--- WHAT THE TASK ASKS ---
Print exactly the lines from the one containing "Dorman Steering Knuckle P/N 698-043" through the last line of the entries below; the pictures stay out of the copy.

--- Scraped caption text data ---
┌────────

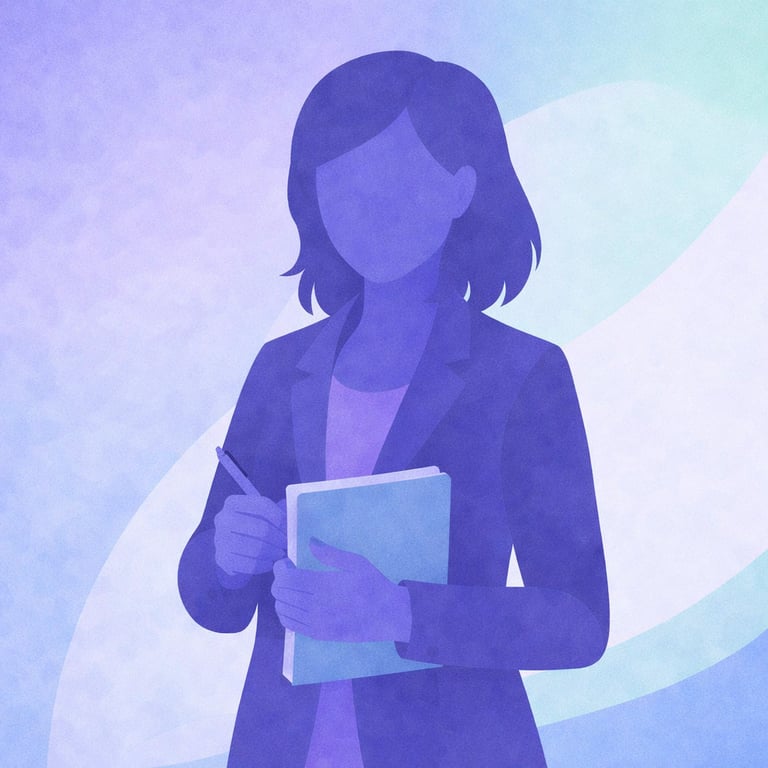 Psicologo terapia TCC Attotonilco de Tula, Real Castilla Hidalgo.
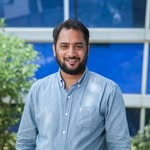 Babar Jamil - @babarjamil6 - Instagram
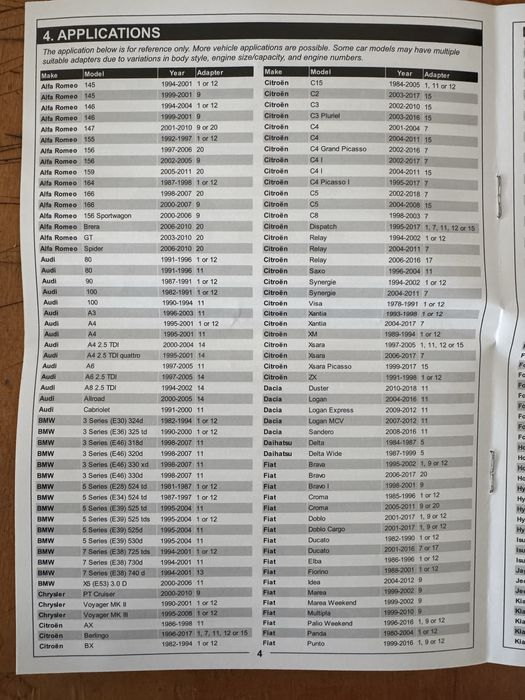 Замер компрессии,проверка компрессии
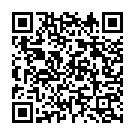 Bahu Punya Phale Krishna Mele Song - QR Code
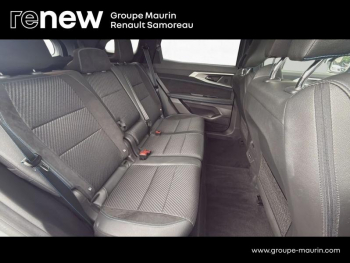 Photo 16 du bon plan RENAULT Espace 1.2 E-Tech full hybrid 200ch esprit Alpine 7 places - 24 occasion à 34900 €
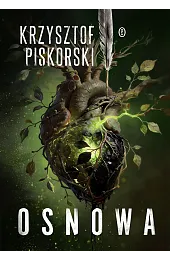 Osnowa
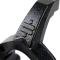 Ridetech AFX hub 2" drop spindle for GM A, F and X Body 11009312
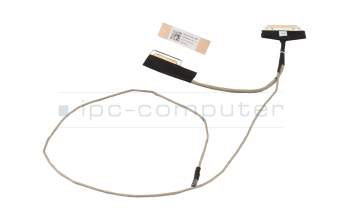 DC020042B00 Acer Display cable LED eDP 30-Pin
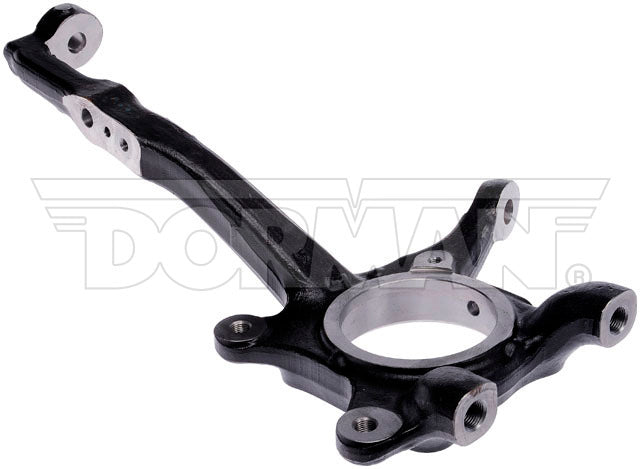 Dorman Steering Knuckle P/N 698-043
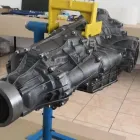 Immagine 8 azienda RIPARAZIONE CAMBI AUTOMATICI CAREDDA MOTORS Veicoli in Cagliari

└────────

--- ANSWER BELOW ---
 Dorman Steering Knuckle P/N 698-043
 Immagine 8 azienda RIPARAZIONE CAMBI AUTOMATICI CAREDDA MOTORS Veicoli in Cagliari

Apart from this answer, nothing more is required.